Européiste convaincu et “personnalité clivante”
“Il a réussi à ce que la Pologne évite la crise, mais beaucoup de mesures d’austérité l’ont aussi rendu assez impopulaire auprès de certaines couches de la population”, nuance auprès de RFI Adrien Beauduin, journaliste indépendant, et doctorant en politique tchèque et polonaise à l’université d’Europe centrale.
Partisan de l’orthodoxie budgétaire, Donald Tusk a aussi toujours été un européiste convaincu. C’est dans sa ville natale qu’il a nourri ses convictions européennes, déclarant au sujet de Gdansk : “La cité s’est patiemment construite au cours des siècles, avec les Polonais, les Allemands, les Juifs, les Écossais et les Français […]. Pourtant, quelques jours ont suffi à Hitler et à Staline pour l’incendier et la mettre à terre.” D’où, entre autres raisons, l’importance de l’UE aux yeux de celui qui est aussi historien de formation.
Depuis le retour au pouvoir du PiS en 2015, Varsovie est régulièrement en conflit ouvert avec l’UE à propos des questions relatives au respect de l’État de droit – que ce soit pour sa réforme controversée de la justice, en 2019, mais aussi pour des atteintes à la liberté de la presse ou aux droits des personnes LGBT.
Donald Tusk dispose d’un solide pedigree politique à mettre en avant pour ramener son pays dans le giron européen. Membre du Parti populaire européen (PPE), il reçoit le prix Charlemagne pour sa contribution à l’unification européenne des mains d’Angela Merkel en 2010. Puis, de 2014 à 2019, il est nommé pour deux mandats consécutifs comme président du Conseil européen.
Il montre alors à plusieurs reprises qu’il n’a pas sa langue dans sa poche, que ce soit pour critiquer Donald Trump – ce qui lui vaudra le surnom de “notre Donald” par ses homologues européens – ou le Brexit du Royaume-Uni – dont les partisans auraient “une place spéciale en enfer”, selon Donald Tusk.
Ce passif à la tête d’une institution européenne semble être un argument de taille pour le candidat de centre droit avant les prochaines législatives en Pologne. Mais tous les partis d’opposition ne sont pas parvenus à une union, principalement à cause de “la personnalité clivante et au bilan” politique de Donald Tusk, explique auprès du Monde le politologue et historien Antoni Dudek.

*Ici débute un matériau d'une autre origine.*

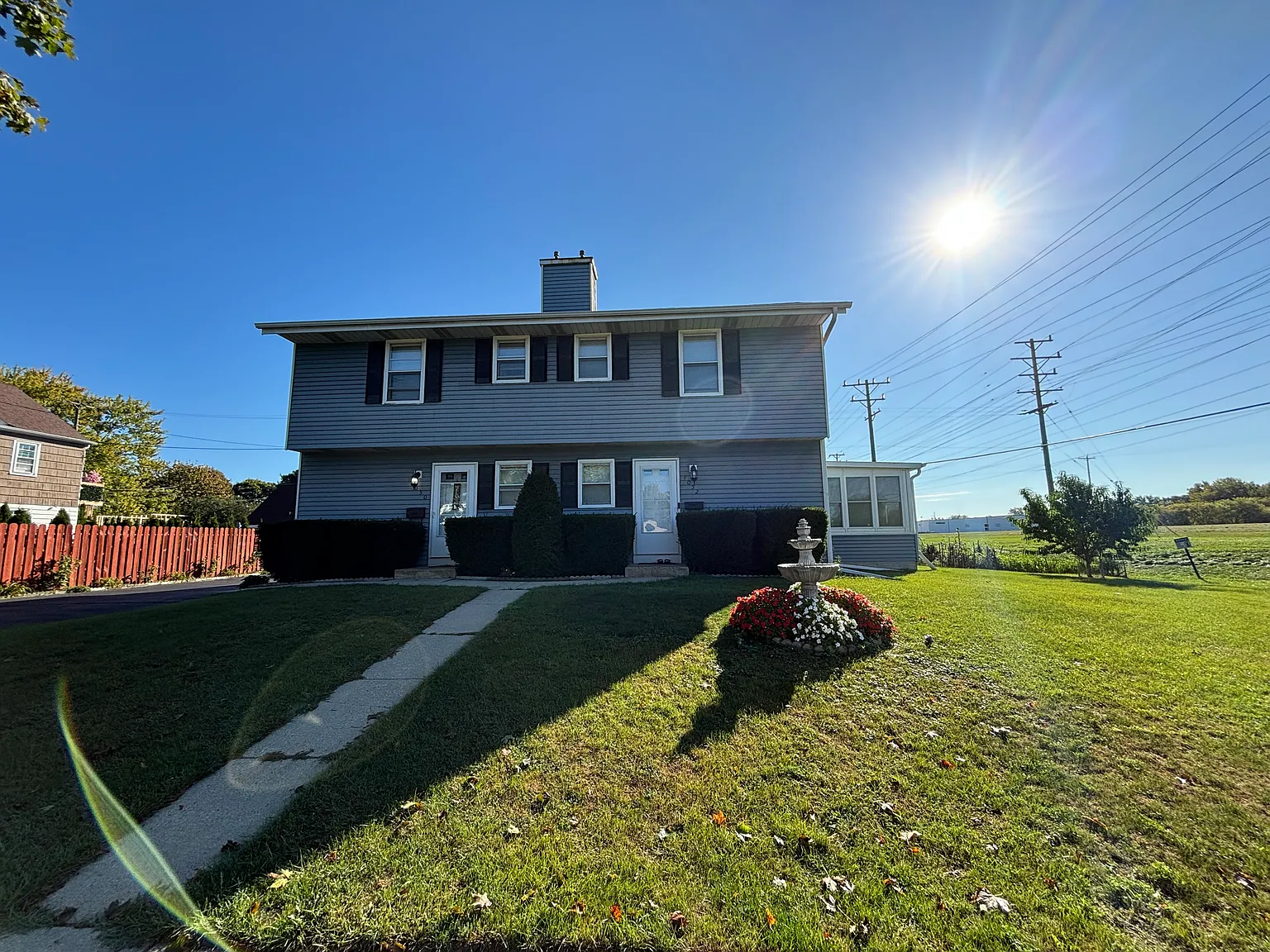 3 bed, 1.5 bath, 1200 sqft, $1,700 — Photo 1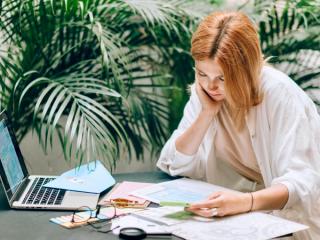 A student counting bills.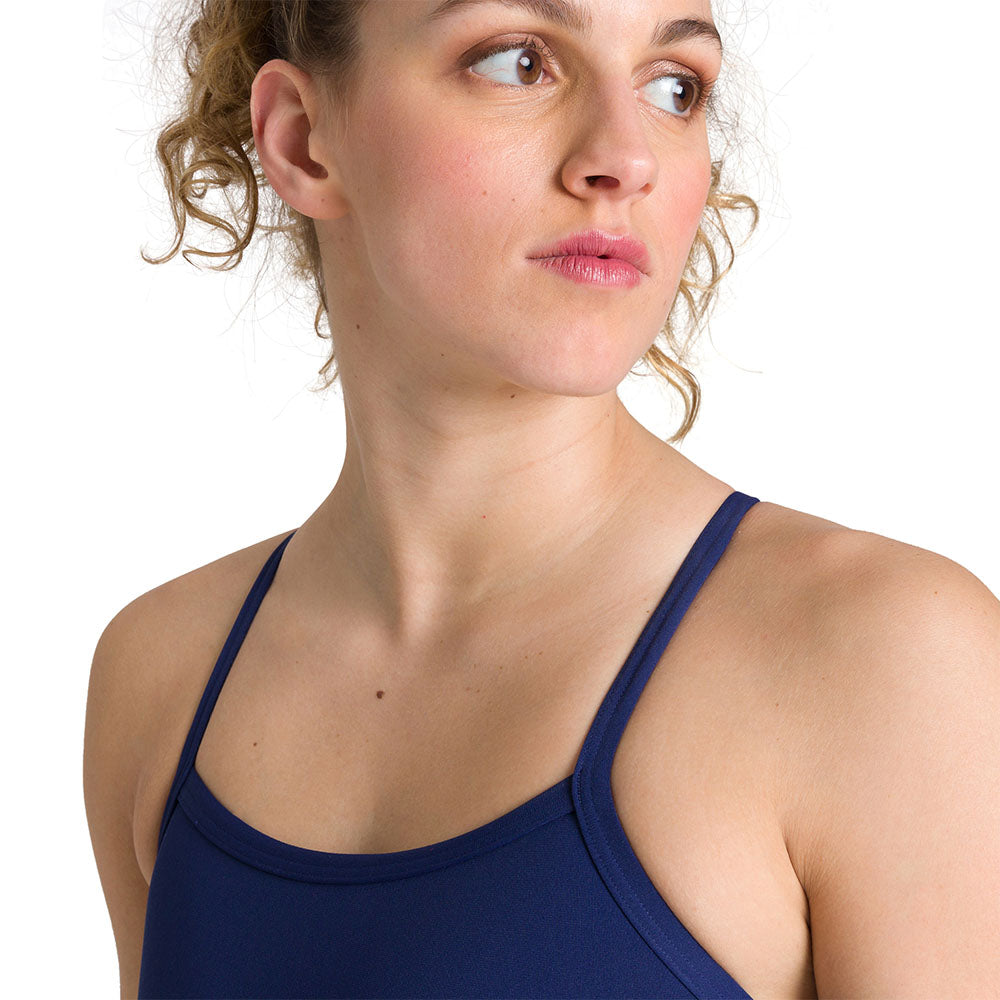 arena Womens Solid Light Drop One-Piece Swimsuit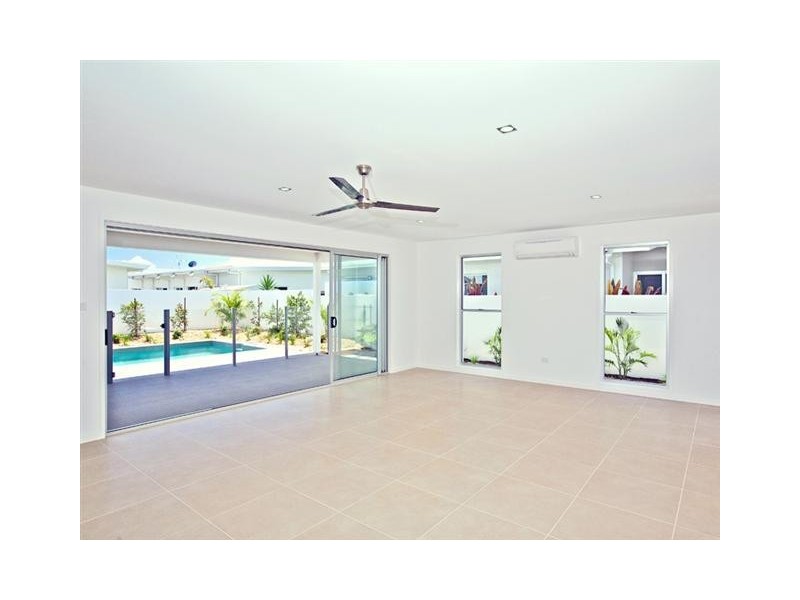 12 Landsdowne Street, Pelican Waters QLD 4551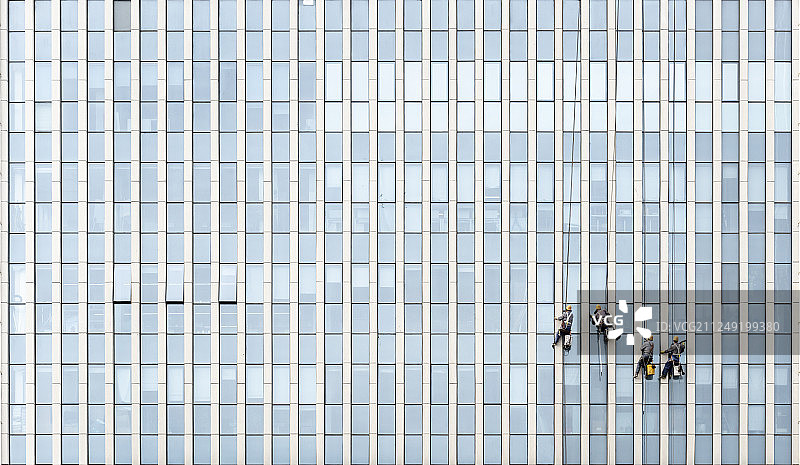 擦窗户的人图片素材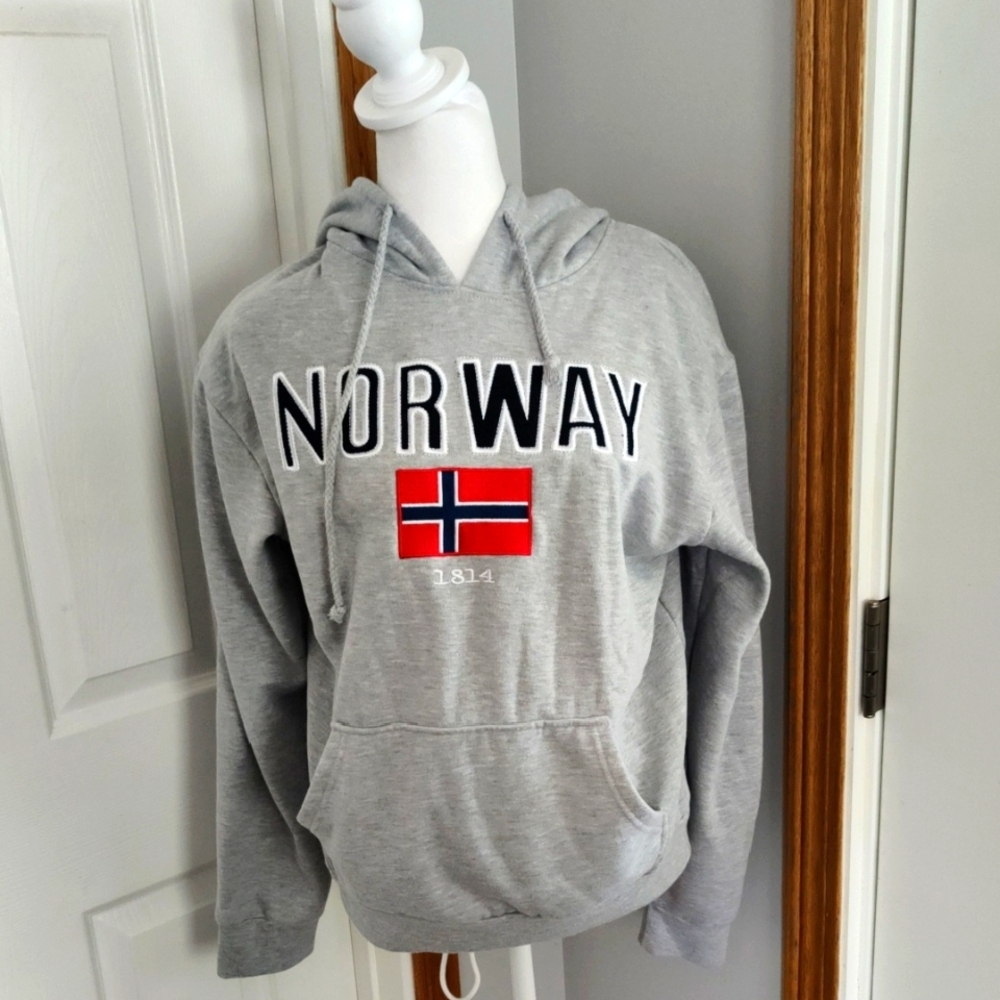 Scandinavian Explorer Norway Graphic Sweatshirt/Hoodie Gray Size Medium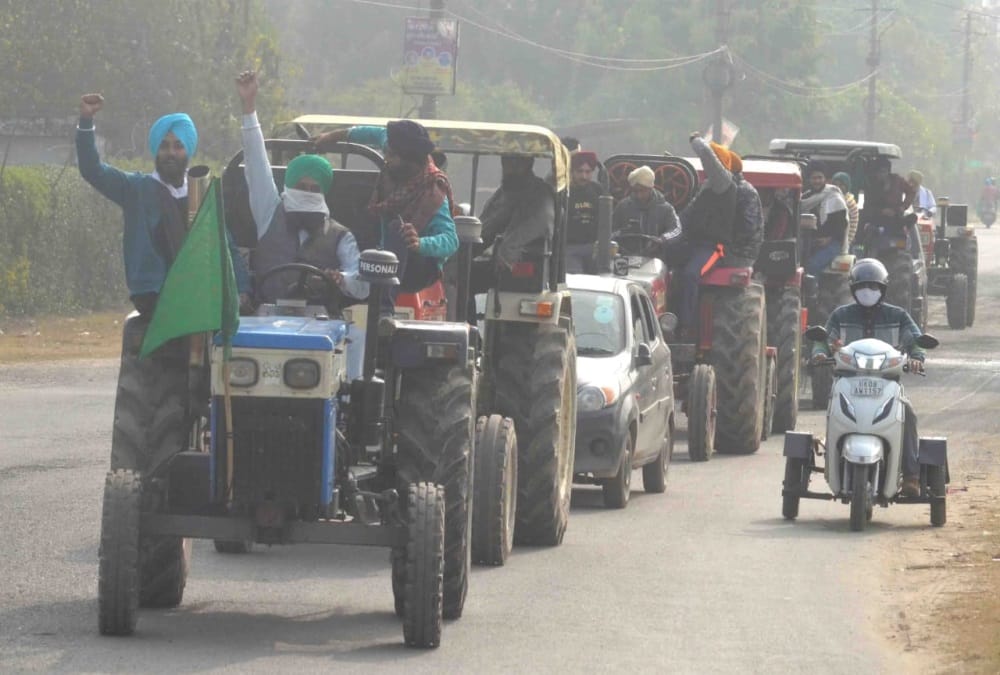 Haridwar Latest News: BJP MLA Riding on tractor with farmers in support of Farm Act 2020 Photos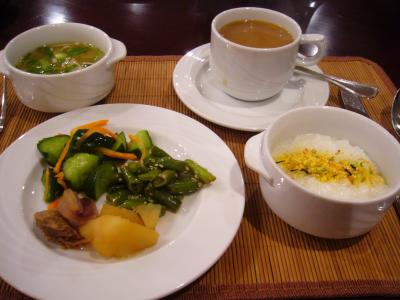 ナイル川クルーズアマルコ号朝食＆スペシャル和朝食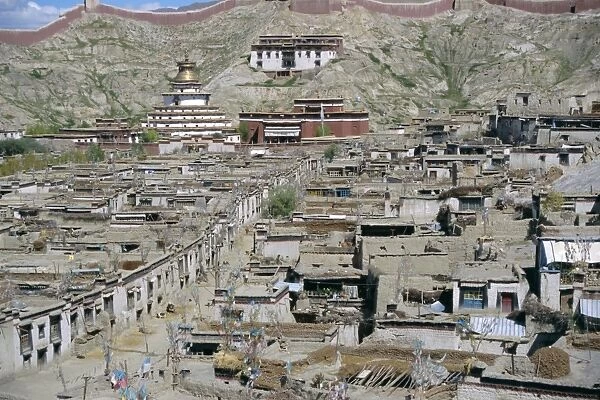 View of Gyanze (Gyantse) from Gyangze dzong, Tibet, China, Asia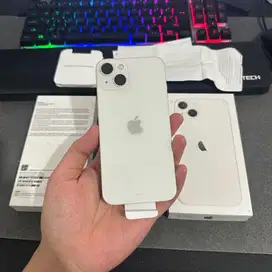 iPhone 13 128 Gb Putih On garansi sampai maret 2026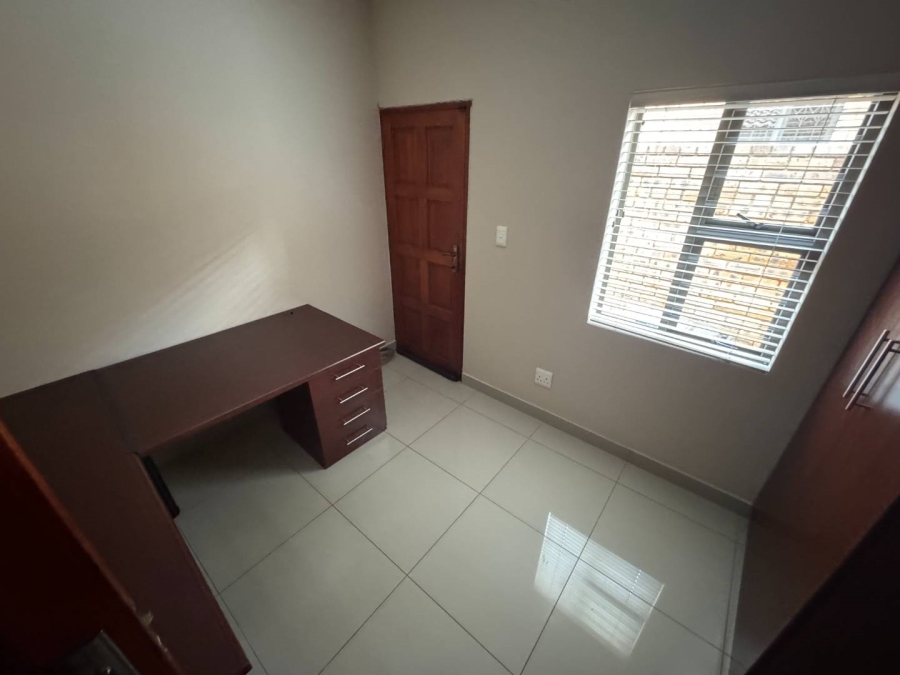 3 Bedroom Property for Sale in New Redruth Gauteng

Les sondages réalisés à un mois du scrutin donnaient la Coalition civique en seconde position (aux alentours de 30 % d’intentions de vote, en hausse par rapport à 2019) derrière le PiS (aux alentours de 40 %, en baisse par rapport à 2019). S’il n’obtient pas de majorité absolue, le parti populiste nationaliste pourrait être tenté de faire alliance avec le parti d’extrême droite Confédération – donné en progression au prochain scrutin.